The faster bootup time is also a myth in my point of view. If I compare windows 7 and windows 8 on the same hardware, it is just about the same. Windows 8 might arrive at the desktop slightly sooner, but showing the desktop doesn't mean it has finished booting, it is still loading services etc., and reacts slowly to user input at the beginning. So you still have to wait for about the same time like you do with Windows 7 to actually start to work with it.
IE10 is still IE and insecure. I never use m$'s browsers. So that isn't an argument either.
Search? What for? I usually know at least approximately where my files are. Also the installed software is easier to find via a menu system (like the start button), than having to enter it's name (which I might have forgotten and then a text search is more difficult) in a search bar. For me it is like going backwards in time to the days of DOS where you had no GUI and had to type in everything.
Task Manager? The one you get in Windows 7 is good enough, and if it isn't there are 3rd party tools like Process Manager available...
SkyDrive? I can use that with Windows 7, XP, Linux and probably most other OS's too....
Metro? Totally useless crap if you don't have a touch enabled device, and also then I'd Question it's usefulness. The same applies for the store, there isn't anything there for which there aren't any better real Windows programs.

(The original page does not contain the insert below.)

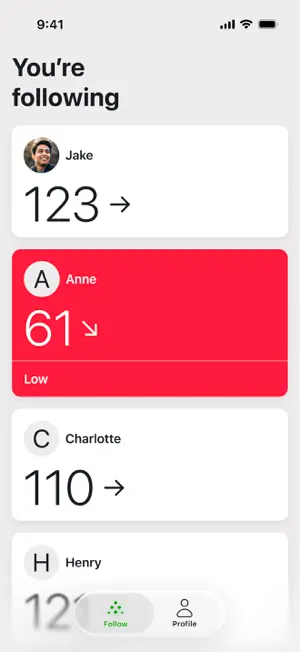 Dexcom Follow screenshot 1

Support for UEFI? What would anyone need that for???
The only useful stuff that is left is:
1. the Hyper-V Host (and that really can only be used on hardware that has virtualization support and enough RAM). Also, most people don't need that. You can also always use a type 2 hypervisor like Virtualbox, it is good enough for virtualization on a desktop system as that normally only makes sense for testing purposes and then you can live with the lower performance.
2. WindowsToGo, which I haven't come round to testing yet though.